Aldo era un grandissimo narratore, in grado di dissertare per ore, fluvialmente, partendo da un punto qualsiasi dell’universo, del cinema e non solo

Io penso che il peggior servizio che si possa rendere all’opera di Aldo Lado sia quello di cedere, come spesso è stato fatto, alla tentazione di rivalutarne ogni più riposta ansa, innalzando gli ingaggi puramente alimentari e che il regista per primo, con il realismo e la spietatezza che lo contraddistinguevano, riconosceva come tali, al livello del “memorabile”. Da L’ultima volta a Rito d’amore (che ricostruiva la vicenda del giapponese Issei Sagawa, il quale aveva ucciso una compagna di studi a Parigi e si era poi nutrito delle sue carni), al gruppo dei polizieschi che girò all’inizio degli anni Novanta, e ricomprendendo anche un film mimetico di Guerre stellariL’umanoide, del 1979, Lado si limitò a svolgere i temi dati, correttamente. In camera caritatis dava a essi la giusta tara, anche se nelle pubbliche occasioni si divertiva poi a valorizzarli con aumentazioni che onoravano il suo gusto per la celia e per il paradosso. Perché Aldo era un grandissimo narratore, in grado di dissertare per ore, fluvialmente, partendo da un punto qualsiasi dell’universo, del cinema e non solo. Alla Francia, sua seconda patria e alla quale periodicamente tornava (ebbe casa a Parigi per anni), si volse una volta terminati i giochi cinematografici in Italia, dedicandosi a incarichi di produzione, soprattutto nell’entourage di Vera Belmont. È una parte, questa, tendenzialmente sommersa della carriera di Aldo, ma non poco interessante e ricca di aneddoti che la sua autobiografia (di imminente pubblicazione) divulgherà. 
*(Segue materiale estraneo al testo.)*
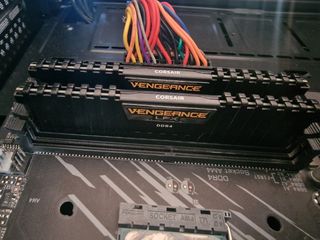 Placa Base Gigabyte B550 AORUS Elite V2 + CPU + RA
Non posso non concludere questo ritratto di Aldo (in cui ho necessariamente sacrificato tutta la sezione finale della sua esistenza che è stata all’insegna dell’attività di scrittore, di romanziere e, più specificamente, di giallista, quindi riappropriandosi delle radici, in senso lato, letterarie che sempre lo distinsero) senza menzionare l’ultimo film da lui diretto nel 2012, Il Notturno di Chopin. Un lungometraggio che Lado si autoprodusse e che si batté come una tigre per realizzare, raccontando l’odissea di una bimba rapita da un bruto, tutto svolto dal punto di vista della piccola vittima. Ebbi la fortuna di stare su questo set, con tanti altri amici di Aldo, interpretando anche il ruolino di un prete, alla guida di un corteo funebre. Ed ebbi la fortuna di vedere quell’antica fiamma registica all’opera, tesa, precisa, febbrile, instancabile. Percependo, io come tutti, la felicità negli occhi di Aldo, la stessa che si può leggere nello sguardo di un pittore mentre esegue il suo quadro, incurante di tutto ciò che sta oltre quell’eterno presente creativo. Scrissi: «Il notturno di Chopin è un oggetto d’arte: un film “chiuso” che nasconde la perla di una prova d’autore sotto il carapace di una situazione sgradevole, che denuncia l’orrore della violenza sui minori. E il fatto che non ci sia alcuna corrività efferata nel mettere in scena questa storia di orchi, la rende ancora più insostenibile. Nella misura in cui la narrazione sposa il punto di vista della piccola Sofia, è coerente e logico che il mondo che noi vediamo sia quello che vede lei, attraverso i suoi occhi di bambina di nove anni. Psicologicamente, una scelta incisiva e che ben si sposa con il coté eterodosso e attratto dal surreale che ha sempre contraddistinto la visione cinematografica del regista. Nelle cui migliori riuscite la verità nuda, cruda e crudele celebra le nozze con il gusto per lo speculativo e l’intangibile».